«Se si guarda attentamente la vita, si vede sfuocato. Scuoti la mano quando scatti. La sfocatura è una parte della vita. Personalmente penso che ognuno debba scegliere il proprio stile, fate quello che vi piace fare e non smettete mai di sperimentare».
William Klein è un fotografo che nasce pittore, che si sgranchisce le dita sotto l’attenta supervisione di Fernand Léger, giovanissimo, nella Parigi degli anni Trenta e Quaranta.
Fotografo capriccioso e sincero all’osso, scardina il dogmatismo preconfezionato e cerca quello che di solito non viene raccontato. Fa l’anarchico, sovvertendo i dettami tecnici a cui vogliono addomesticarlo, e allenandosi invece in quello che non si può insegnare: la sperimentazione. Cerca ciò che di solito si rifugge, il brutto il sudicio l’oscuro l’amorale l’orrido. E anche gli errori ortografici li moltiplica, e ci prova gusto: sfocature, sgranature, eccessivo contrasto e composizione asimmetria. Sono infinite le leggi e le strade nel paese dell’anarchia. Ribelle nella forma e ribelle nel contenuto, Klein fa della sua fotografia una lotta a mani nude contro la fotografia stessa, è un’anti-fotografia, o forse anche meglio una contro-fotografia.
«Ho sempre amato il lato amatoriale della fotografia, fotografie automatiche, fotografie accidentali con composizioni non centrate, tagliando teste, gambe, qualsiasi cosa».
È un’anarchia che si sistematizza poi, quella di Klein.
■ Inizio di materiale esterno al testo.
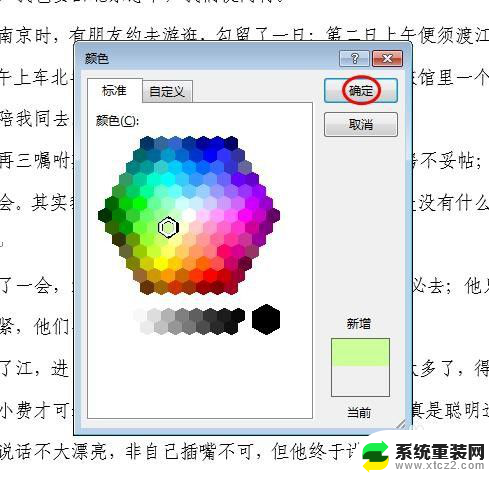 word怎么更改背景色 word文档背景颜色设置方法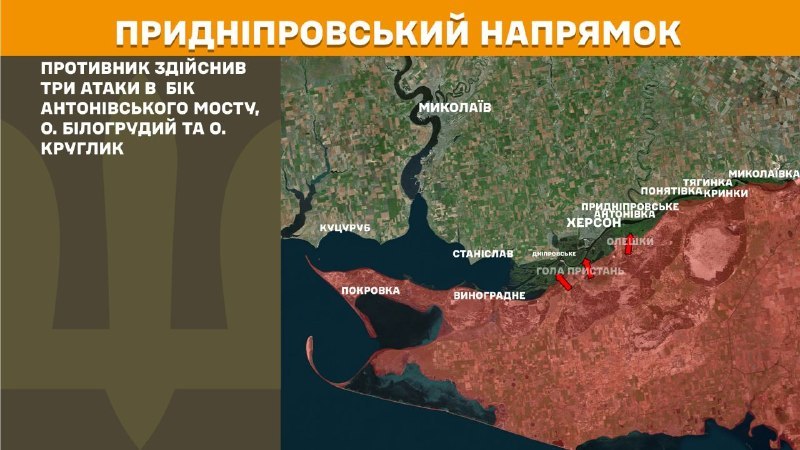 Wczoraj w okolicach mostu Antoniwskiego, wyspy Białohrudej i wyspy Kruhlyk doszło do starć na kierunku chersońskim – informuje Sztab Generalny Sił Zbrojnych Ukrainy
Perché dirimpetto alle regole della classica fotografia di strada, quella principalmente legata al nome di Henri Cartier-Bresson, erige una sua nuova, sovversiva, legislazione, rifondativa della street photography del tempo. La prima massima che lascia è di «non aver paura di andare troppo vicino». Entrare nell’immagine per sentirla, non averne timore, se la si vuole assaporare. Ancora, non prendersi troppo sul serio. E scivolare allegramente tra un tabù e l’altro, schivandoli ora, o calpestandoli poi. E anche, rendere il senso del luogo. Come sempre nella vita poi, divertirsi. «Stavo fotografando per me stesso. Mi sentivo libero».
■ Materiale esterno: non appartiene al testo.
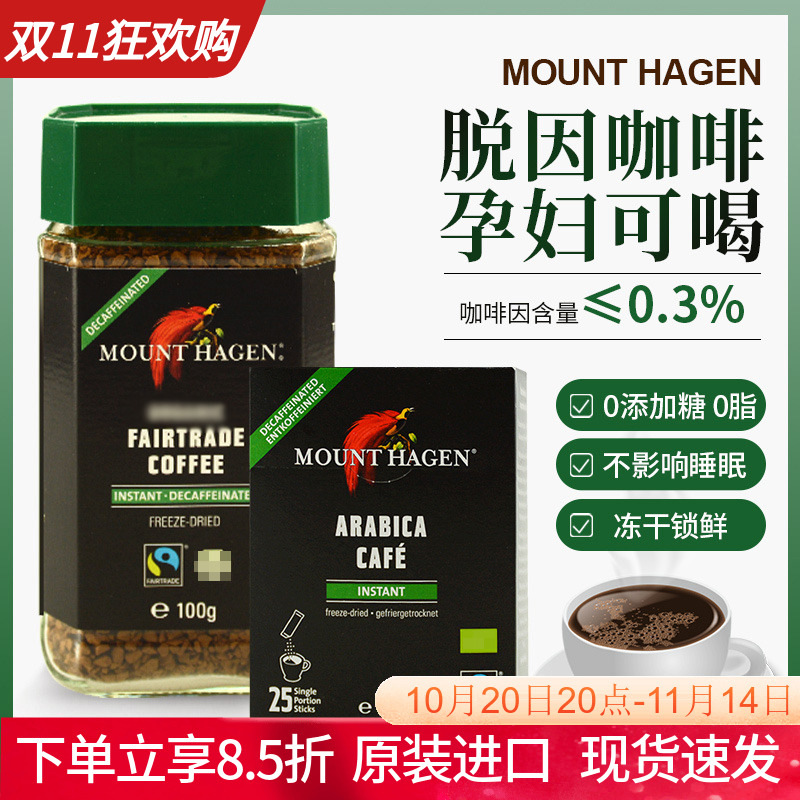 MOUNTHAGEN德国脱因咖啡粉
Klein è un etnografo, perché con i suoi strumenti racconta un popolo e la sua cultura. New York è la sua città natale, dove nasce nel 1928. Ed è la prima città che racconta, e la prospettiva è quella privilegiata di chi dentro ci ha vissuto. La disarma e la squarcia, e la tortura e chirurgo mette a nudo il marcio. Capelli unti e pelli nere, strade ricolme di gente buttata, insegne negozi e facce distrutte. E tante, tantissime pistole. Quello che ci trova, lui dice, è «umorismo nero, assurdità e panico».
«Nel 1950 non riuscivo a trovare un editore americano per le mie immagini di New York. Tutti quelli a cui mostravo le mie fotografie esclamavano: “Questa non è New York, troppo brutta, troppo squallida, troppo unilaterale!” Dicevano anche: “This is not photography! This is shit!”».
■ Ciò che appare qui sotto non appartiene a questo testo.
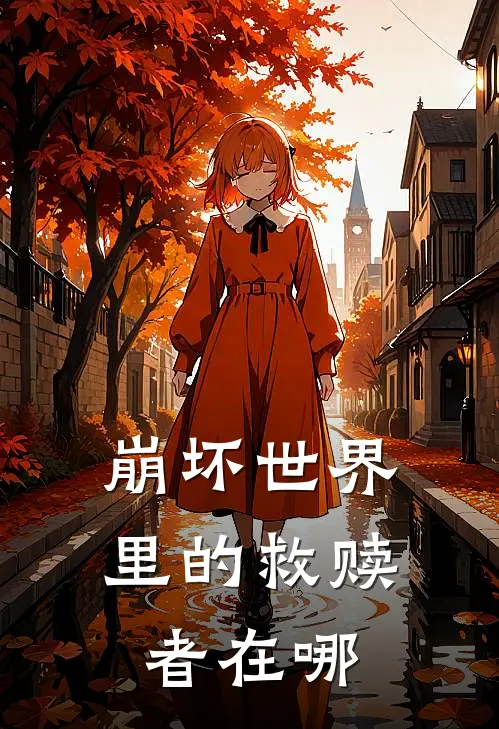 崩坏世界里的救赎者在哪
Nel 1956 è a Roma per impicciarsi anche un po’ di cinema, e a sorreggerlo mentre muove i primi passi altri non è che il grande Federico Fellini. Ed è nel tempo vuoto del film (Le notti di Cabiria) che temporeggia, che Klein calca le vie di una città che non è la sua, ma che il suo obiettivo già freme di raccontare. Si riempie gli occhi di strade e persone, odori, scorci e atmosfere, e cerca la familiarità che sola può raccontare lo spirito di un soggetto. Il suo lavoro su Roma è raccolto in Roma + Klein del 1959, pubblicato da Contrasto nel 2009 in una nuova edizione.
La tecnica del racconto oculare poi filtrerà altre città: dopo New York e Roma, Mosca, Parigi e Tokyo. È lo sporco, l’insudiciamento di vita, che dà senso ai suoi scatti. Non sono sterili e apatici fermi immagine, ma energia condensata, e ancora trasudante verità.
William Klein sarà in mostra a Milano, al Palazzo della Ragione Fotografia, a partire dal 16 giugno, fino al 16 settembre 2016. William Klein: ABC è una retrospettiva già presentata in parte alla Tate Modern di Londra e al FOAM di Amsterdam.